Stored items

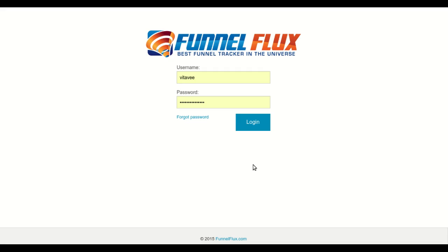Hey there, this is Vitavi. I want to show you in this video a few features of my new software called Funnel Flux that is going to be released in the next few weeks. Funnel Flux is a funnel builder and a tracker and I want to show you how and why it is better than all the other alternatives out there.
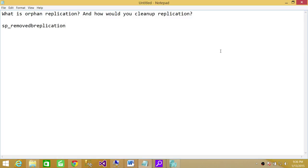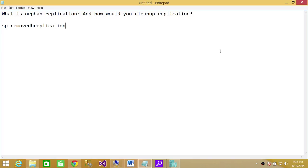So as far as removing it from a production system, you have to follow the steps and there are articles out there from Microsoft on how to remove orphan replication. But just to answer this question in an interview, I would answer it exactly like that: if orphan replication is on dev and test, then you can go ahead and run sp_removedbreplication.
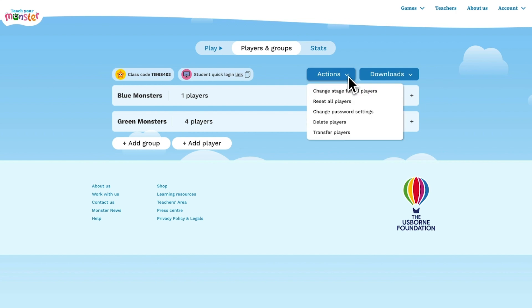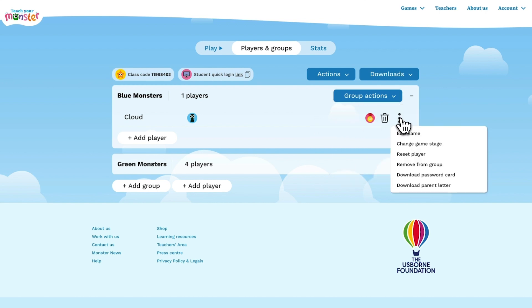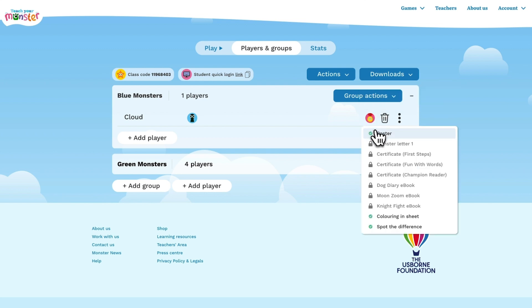You can view available actions for your entire list of classes and players. You can also view specific actions available for your group and by individual players using the three dot menu. You can view available downloads for all classes and players and for individual players by using the medal icon.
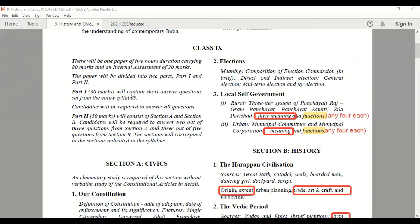Part 1 covers the entire syllabus and you are supposed to answer all questions — there will be no choice. Part 2 carries 50 marks and consists of two sections: Section A and Section B. Section A is civics topics and Section B is history topics. You are supposed to write two answers from three questions in Section A, and three out of five questions in Section B.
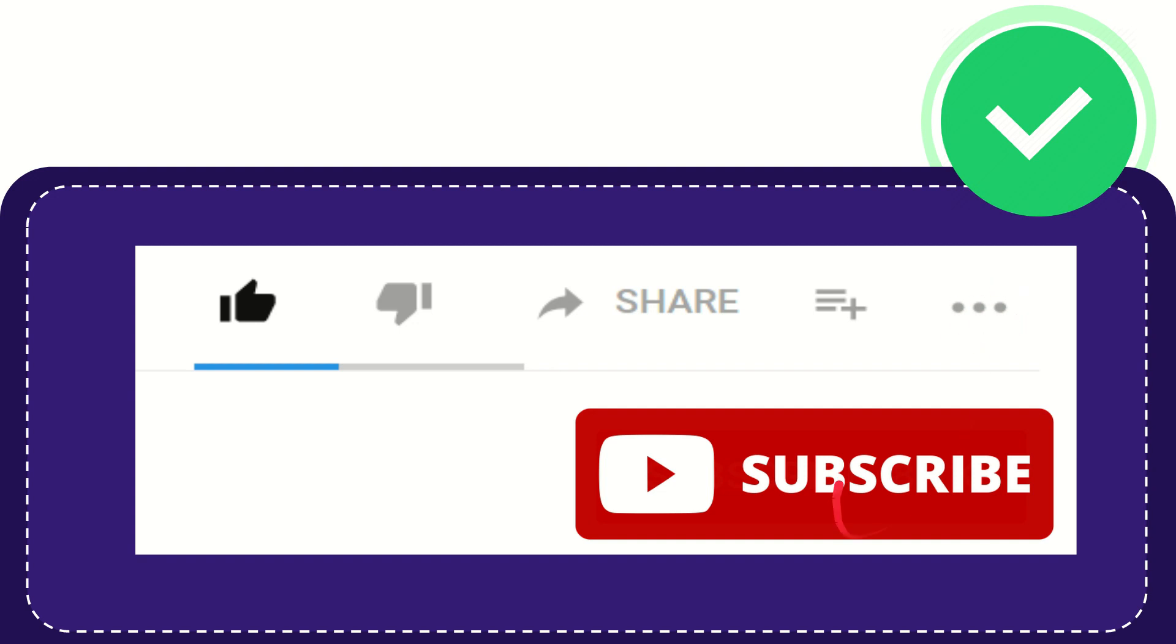And yeah, don't forget to subscribe. I think that's all of it. Thank you so much for watching this video, and see you again in another video. Bye-bye, see you again.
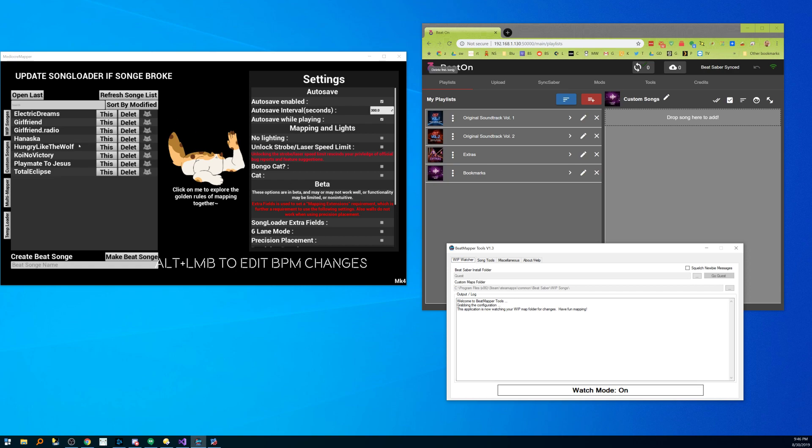I have Mediocre Mapper running and so essentially for BeatMapper Tools the idea is that you turn on the Watcher and as you edit a map it automatically gets saved, deployed, converted, and deployed into BeatSaber.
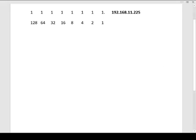Alright, welcome to video number two. Now we are going to learn how to write out 192.168.11.225, which is an IP address I just decided to choose, and we're going to learn how to write it out in binary.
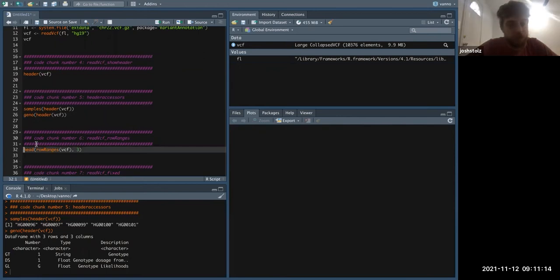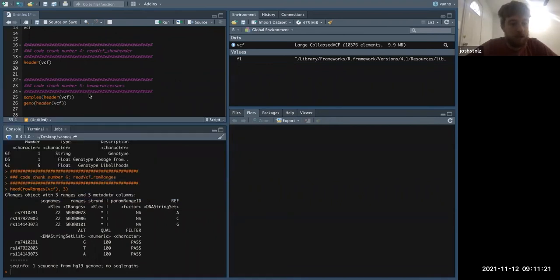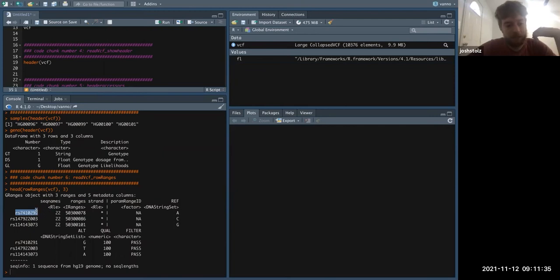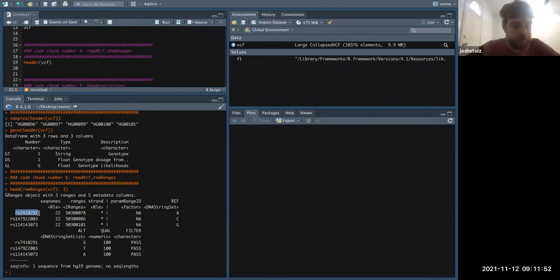We can look at the row ranges — most of you are probably familiar with how row ranges are set. Looking at this, they have the RSID just as the ID connecting the row ranges, and I'm thinking maybe that would be better in the future for our BCF. Right now we just have a concatenated ID. This is just like a RangedSummarizedExperiment — it works in a very similar way where you can subset the data.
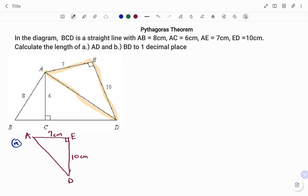To find AD, I'm going to use the Pythagoras theorem. The Pythagoras theorem states that the longest side, or the side facing your right angle — that's AD — all squared, is equal to the sum of the squares of the other shorter sides. So we have AE squared plus ED squared.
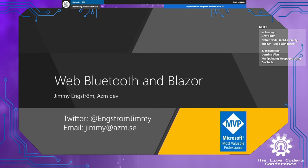Hi, and welcome to this talk about web Bluetooth and Blazor.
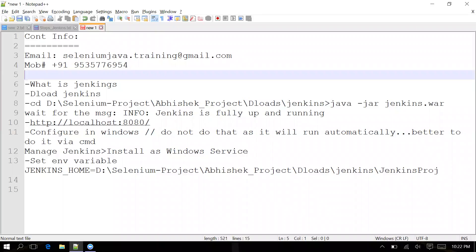Hello guys, welcome to the tutorial of Jenkins. Now what is Jenkins? Jenkins is basically a Java application — it runs based on Java. As you know, Java is platform independent, so Jenkins is also platform independent. You can run it on any operating system.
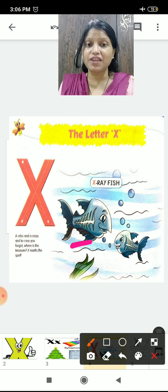Now let's find out the X. Where is it? This one? No. This one? No. This one? Yes — let's circle it. This one? No. This one? Yes, it looks like this. This one? No. This one? Yes. This one? No. All X — right? Okay.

• _Task item_:
An exact restatement of the entries above is needed; no picture may appear in it.

• _Exercise response_:
Hey there, this is Vitavi. I want to show you in this video a few features of my new software called Funnel Flux that is going to be released in the next few weeks. Funnel Flux is a funnel builder and a tracker and I want to show you how and why it is better than all the other alternatives out there.
So as far as removing it from a production system, you have to follow the steps and there are articles out there from Microsoft on how to remove orphan replication. But just to answer this question in an interview, I would answer it exactly like that: if orphan replication is on dev and test, then you can go ahead and run sp_removedbreplication.
You can view available actions for your entire list of classes and players. You can also view specific actions available for your group and by individual players using the three dot menu. You can view available downloads for all classes and players and for individual players by using the medal icon.
Part 1 covers the entire syllabus and you are supposed to answer all questions — there will be no choice. Part 2 carries 50 marks and consists of two sections: Section A and Section B. Section A is civics topics and Section B is history topics. You are supposed to write two answers from three questions in Section A, and three out of five questions in Section B.
And yeah, don't forget to subscribe. I think that's all of it. Thank you so much for watching this video, and see you again in another video. Bye-bye, see you again.
I have Mediocre Mapper running and so essentially for BeatMapper Tools the idea is that you turn on the Watcher and as you edit a map it automatically gets saved, deployed, converted, and deployed into BeatSaber.
Alright, welcome to video number two. Now we are going to learn how to write out 192.168.11.225, which is an IP address I just decided to choose, and we're going to learn how to write it out in binary.
We can look at the row ranges — most of you are probably familiar with how row ranges are set. Looking at this, they have the RSID just as the ID connecting the row ranges, and I'm thinking maybe that would be better in the future for our BCF. Right now we just have a concatenated ID. This is just like a RangedSummarizedExperiment — it works in a very similar way where you can subset the data.
To find AD, I'm going to use the Pythagoras theorem. The Pythagoras theorem states that the longest side, or the side facing your right angle — that's AD — all squared, is equal to the sum of the squares of the other shorter sides. So we have AE squared plus ED squared.
Hi, and welcome to this talk about web Bluetooth and Blazor.
Hello guys, welcome to the tutorial of Jenkins. Now what is Jenkins? Jenkins is basically a Java application — it runs based on Java. As you know, Java is platform independent, so Jenkins is also platform independent. You can run it on any operating system.
Now let's find out the X. Where is it? This one? No. This one? No. This one? Yes — let's circle it. This one? No. This one? Yes, it looks like this. This one? No. This one? Yes. This one? No. All X — right? Okay.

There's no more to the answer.